**DATA LISTING:**
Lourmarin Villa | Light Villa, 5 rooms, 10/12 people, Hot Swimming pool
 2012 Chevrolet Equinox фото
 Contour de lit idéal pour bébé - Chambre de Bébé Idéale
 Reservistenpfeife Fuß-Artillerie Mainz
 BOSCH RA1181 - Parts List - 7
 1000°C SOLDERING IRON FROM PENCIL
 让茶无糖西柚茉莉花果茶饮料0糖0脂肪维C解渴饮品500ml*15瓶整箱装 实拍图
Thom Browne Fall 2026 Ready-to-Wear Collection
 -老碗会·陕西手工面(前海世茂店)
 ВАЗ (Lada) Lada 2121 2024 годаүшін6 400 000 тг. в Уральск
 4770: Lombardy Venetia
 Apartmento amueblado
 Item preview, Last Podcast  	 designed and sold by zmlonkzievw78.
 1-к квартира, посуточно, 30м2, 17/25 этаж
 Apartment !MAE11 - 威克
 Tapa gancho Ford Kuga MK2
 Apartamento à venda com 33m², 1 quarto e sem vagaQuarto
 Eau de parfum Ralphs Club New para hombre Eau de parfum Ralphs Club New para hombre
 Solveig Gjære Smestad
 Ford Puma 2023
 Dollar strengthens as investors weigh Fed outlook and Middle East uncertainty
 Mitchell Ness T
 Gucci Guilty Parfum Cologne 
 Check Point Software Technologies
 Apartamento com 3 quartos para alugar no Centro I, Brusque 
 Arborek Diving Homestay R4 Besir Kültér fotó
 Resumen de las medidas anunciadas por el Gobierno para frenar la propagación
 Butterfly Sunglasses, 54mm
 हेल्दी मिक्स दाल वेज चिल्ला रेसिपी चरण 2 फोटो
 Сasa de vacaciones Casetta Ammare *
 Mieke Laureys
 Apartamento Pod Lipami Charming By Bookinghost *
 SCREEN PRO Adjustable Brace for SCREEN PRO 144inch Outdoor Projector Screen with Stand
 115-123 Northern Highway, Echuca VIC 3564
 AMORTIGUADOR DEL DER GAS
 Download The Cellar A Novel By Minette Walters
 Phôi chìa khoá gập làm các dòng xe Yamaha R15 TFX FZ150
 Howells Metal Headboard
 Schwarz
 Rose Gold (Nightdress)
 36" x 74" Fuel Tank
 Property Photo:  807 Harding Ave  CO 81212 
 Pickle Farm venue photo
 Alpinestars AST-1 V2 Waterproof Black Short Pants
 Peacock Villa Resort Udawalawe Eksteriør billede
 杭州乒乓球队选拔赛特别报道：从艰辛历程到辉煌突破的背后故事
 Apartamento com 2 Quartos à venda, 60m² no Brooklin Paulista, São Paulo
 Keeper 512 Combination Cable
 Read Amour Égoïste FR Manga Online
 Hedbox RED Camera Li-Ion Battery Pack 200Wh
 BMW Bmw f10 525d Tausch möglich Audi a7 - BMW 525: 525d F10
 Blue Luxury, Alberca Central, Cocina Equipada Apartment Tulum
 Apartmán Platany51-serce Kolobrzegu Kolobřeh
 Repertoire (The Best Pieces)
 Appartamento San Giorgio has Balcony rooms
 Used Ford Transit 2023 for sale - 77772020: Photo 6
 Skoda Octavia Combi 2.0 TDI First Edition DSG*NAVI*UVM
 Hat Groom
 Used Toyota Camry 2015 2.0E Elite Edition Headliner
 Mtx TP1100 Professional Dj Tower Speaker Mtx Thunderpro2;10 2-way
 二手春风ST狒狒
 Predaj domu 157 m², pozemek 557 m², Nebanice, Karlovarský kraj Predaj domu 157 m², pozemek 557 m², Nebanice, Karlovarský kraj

**EXERCISE REQUIREMENTS:**
Send back exactly the lines of the listing above starting at the one with "Read Amour Égoïste FR Manga Online" and ending at the one with "Appartamento San Giorgio has Balcony rooms", inclusive, and no others.

**SOLUTION BELOW:**
 Read Amour Égoïste FR Manga Online
 Hedbox RED Camera Li-Ion Battery Pack 200Wh
 BMW Bmw f10 525d Tausch möglich Audi a7 - BMW 525: 525d F10
 Blue Luxury, Alberca Central, Cocina Equipada Apartment Tulum
 Apartmán Platany51-serce Kolobrzegu Kolobřeh
 Repertoire (The Best Pieces)
 Appartamento San Giorgio has Balcony rooms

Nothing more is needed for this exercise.